HAMPDEN TOWNSHIP, Cumberland County, Pa. --- The U.S. Navy is taking its first step in a broader investigation of drinking water.
Naval Support Activity Mechanicsburg officials invited people to an informational open house Wednesday evening at the Park Inn on Carlisle Pike.
The Navy is trying to determine if potentially health hazardous chemicals, known as PFAS, went into the groundwater and contaminated private drinking water wells.
The U.S. Environmental Protection Agency (EPA) has issued lifetime health advisory for two commonly used and studied PFAS.
Navy officials believe the most common activity that could've resulted in PFAS entering the environment was the historical use of firefighting foam on the base.
Based on a groundwater study and an assessment of areas where the chemicals were used and stored on the base, about a mile sampling area to the west and north sides of the Mechanicsburg base are under the scope.
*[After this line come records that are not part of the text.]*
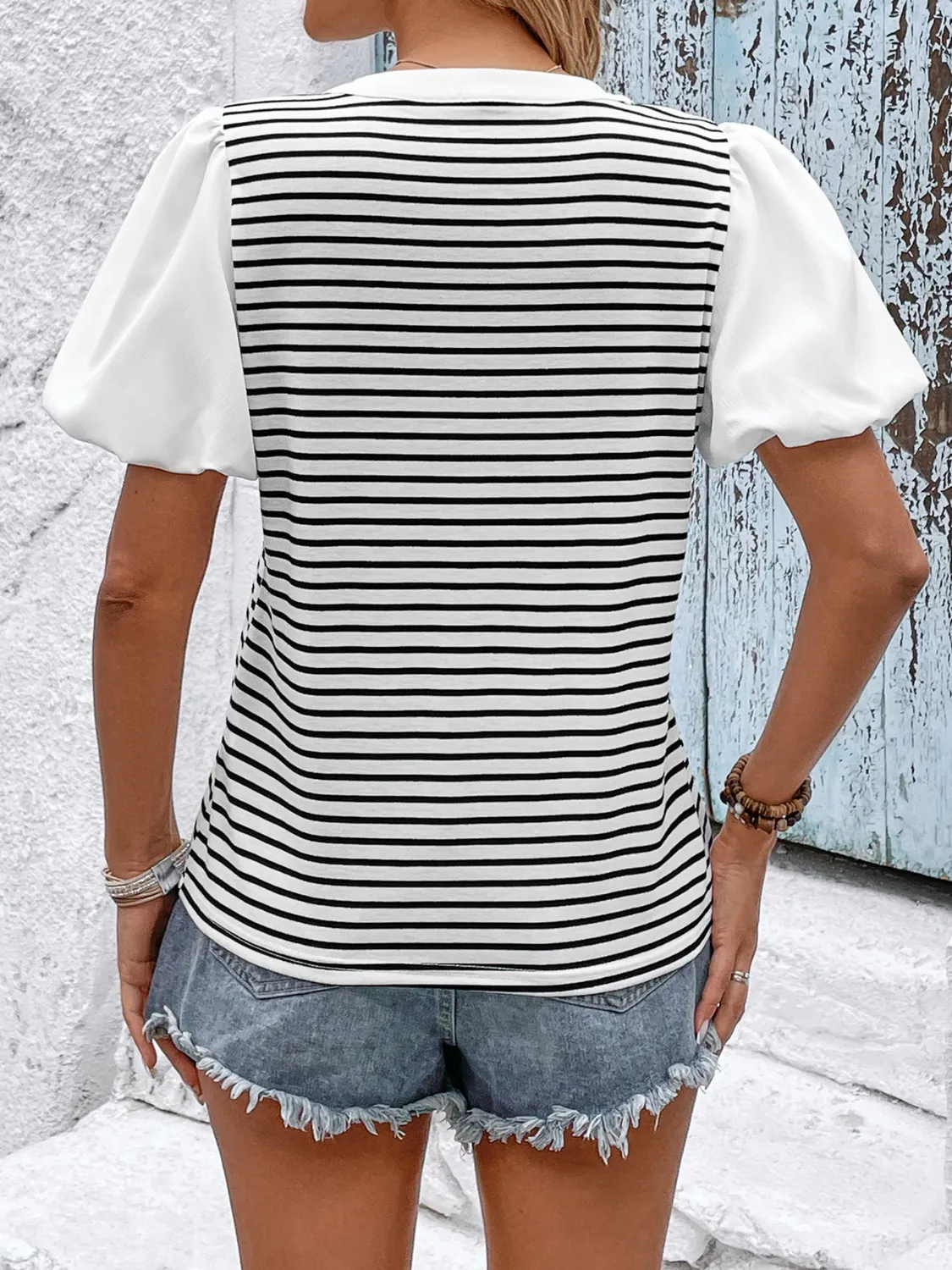 Striped Notched Short Sleeve T-Shirt - Image 6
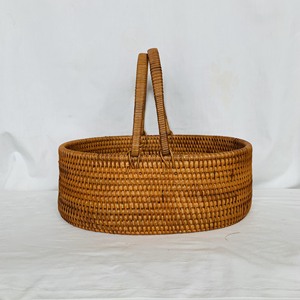 FLASH SALES- Wicker Woven Camping <b>Picnic</b> Travel <b>Basket</b> with Handles, Home Storage <b>Basket</b> - Product Image 1
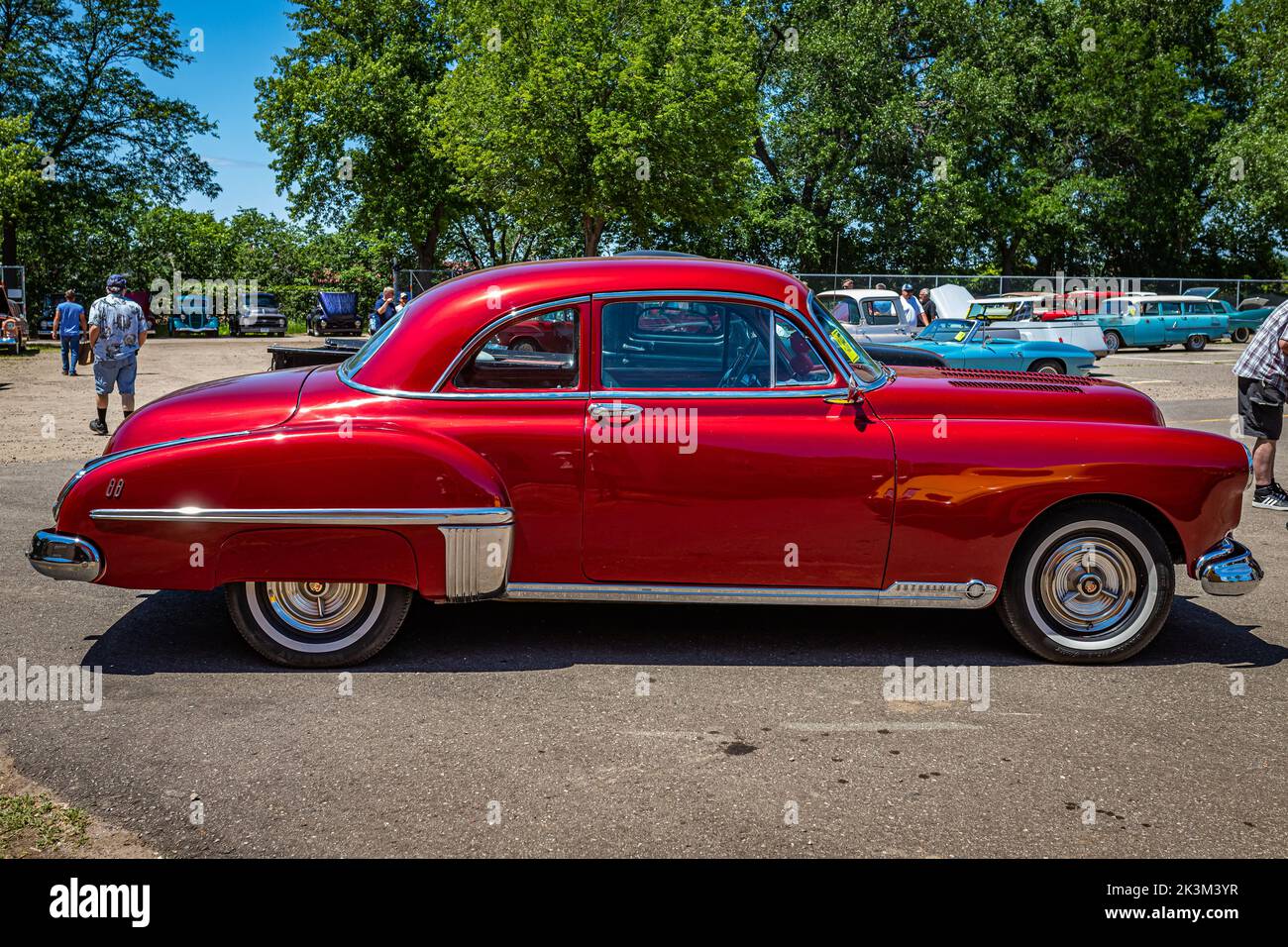 Falcon Heights, MN - June 18, 2022: High perspective side view of a 1949 Oldsmobile Rocket 88 Coupe at a local car show. Stock Photo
Capt. Kyle Bryan said they're prioritizing neighboring communities first before testing their own water, on-base.
He said they are targeting properties that use private drinking wells for water samples to determine if there is a PFAS issues.
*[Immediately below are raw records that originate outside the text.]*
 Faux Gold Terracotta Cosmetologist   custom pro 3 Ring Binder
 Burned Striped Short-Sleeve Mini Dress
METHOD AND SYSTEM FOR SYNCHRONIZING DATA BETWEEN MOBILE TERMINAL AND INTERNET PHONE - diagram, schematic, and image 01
“The communities around us do such a great job supporting us, we want to make sure we’re doing the right thing, supporting them in return," said Capt. Bryan.
The open house Wednesday night allowed people to learn about PFAS and the potential situation from officials with the EPA, the Pennsylvania Department of Environmental Protection and the Pennsylvania Department of Health.
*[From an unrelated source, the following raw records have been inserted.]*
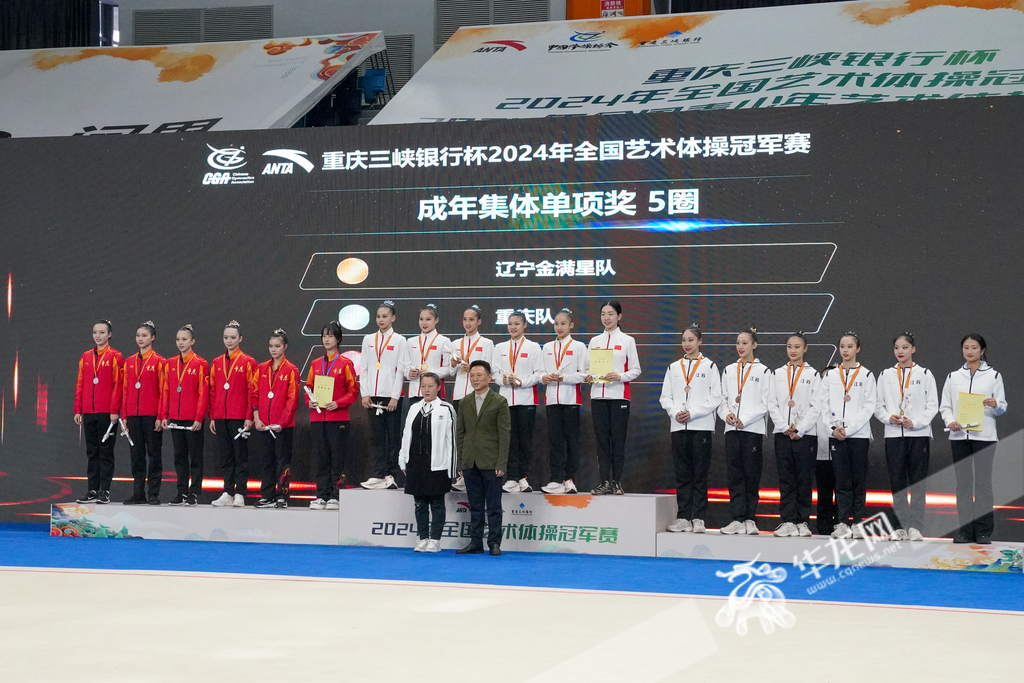 Chongqing Team winning silver medal in 5 Hoops Event of Adult Collective Individual Event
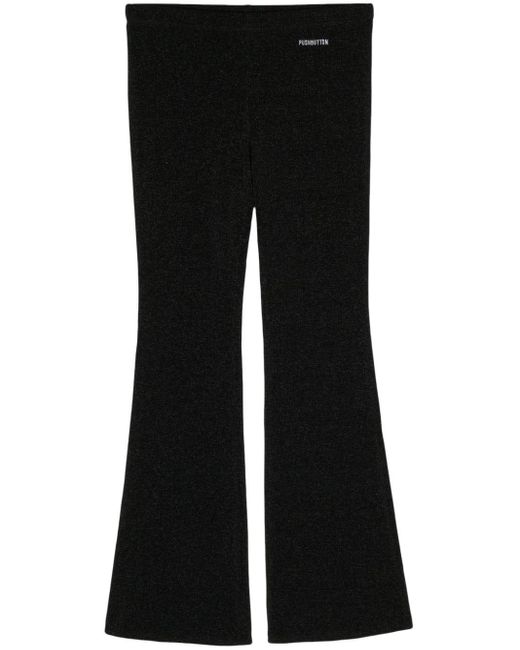 Pushbutton Black Logo-embroidered Lurex Flared Trousers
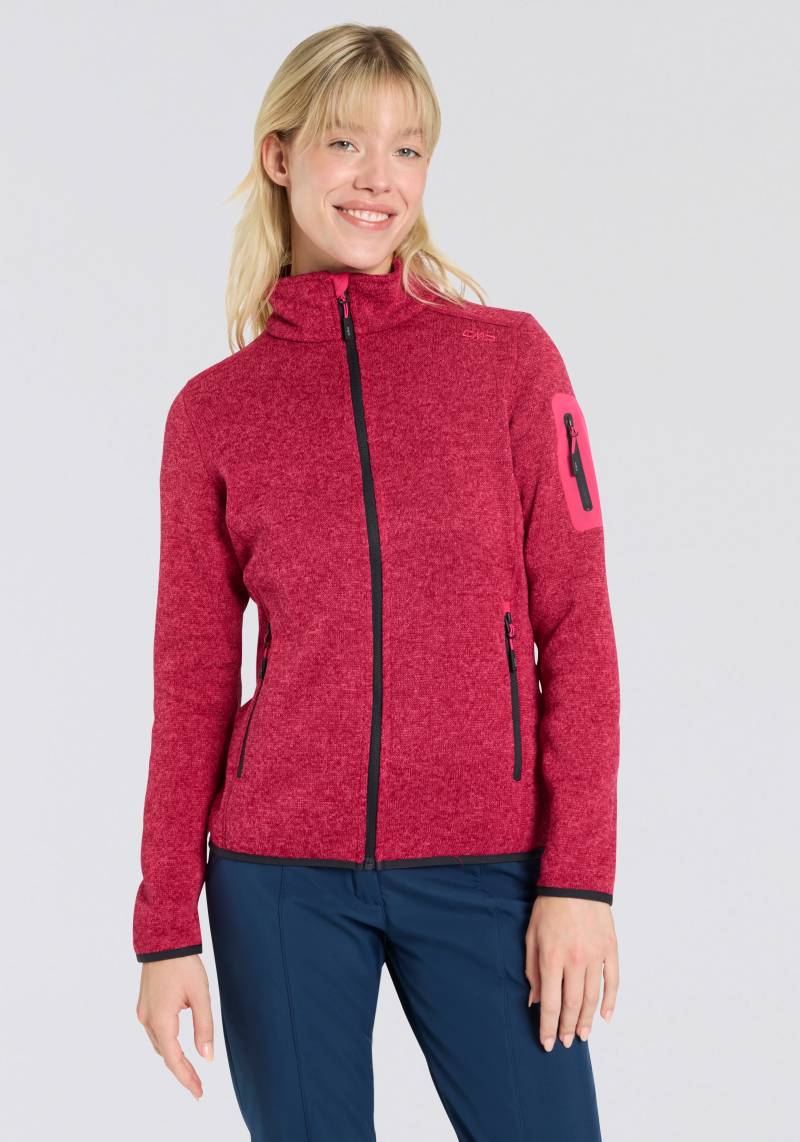 CMP Strickfleecejacke "KNITTED MELANGE FLEECE WOMAN JACKET" 1 Stk. tlg. Wärmeisolierend & Schnell trocknend & Atmungsaktiv von CMP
People were encouraged to sign up to get free water testing done on their properties, if they feel within the preliminary sample area.
Capt. Bryan said based on the initial results, the sample area could expand, if needed.
He explained that if a water test comes back positive for PFAS, Navy officials say they will provide bottled water and work on a long-term plan with the effected property owners.
“If we can do the testing and it comes back negative, great, then that’s peace of mind, right? And if it is, in fact, positive, then we have an action plan to work with owners of the property to move forward so we can get them off of that water," said Capt. Bryan.
John Thomas, of Silver Spring Township, said he received a letter about getting his private water well tested.
He signed up for the free testing Wednesday and says he doesn't have concerns yet.
“I would like to find out, make sure that everything is ok and safe. I haven’t had any problems, I’ve lived at the address for 29 years so I don’t know. Should be ok, hopefully,” said Thomas.
Elaine Durham, of Hampden Township, said she falls just outside the current sample area.
She said she would like to have her water tested.
“My property is like creek-front. I know everything flows down into the Conodoguient so it does concern me because I’m right downstream,” said Durham.
Olivia Broy, of Silver Spring Township, also falls outside the current sample area.
A new homeowner in the area as of May, Broy said she started using bottled water after noticing unusual health changes in her pets while using the well water.
“I was hoping that a well would be a good thing so I wouldn’t have as many bills but I just want to make sure it’s safe for myself, and I have a dog and fish so I want to make sure it’s safe for all of us," said Broy.
Hampden Township Board of Commissioners President Al Bienstock said to their knowledge, PFAS would've been in the groundwater for a long time.
He said they plan to keep residents up to date as the water testing situation develops, including on the township website.
“People need to be aware that there are concerns about the chemicals that may be in this foam but it’s not something that automatically, all of a sudden, is going to hit you and cause some damage.”
Capt. Bryan said nearly 40 people had already signed up for testing before the open house.
About 50 people attended the open house Wednesday evening.
Capt. Bryan said the collection of water testing in the sample area will start Thursday, August 1.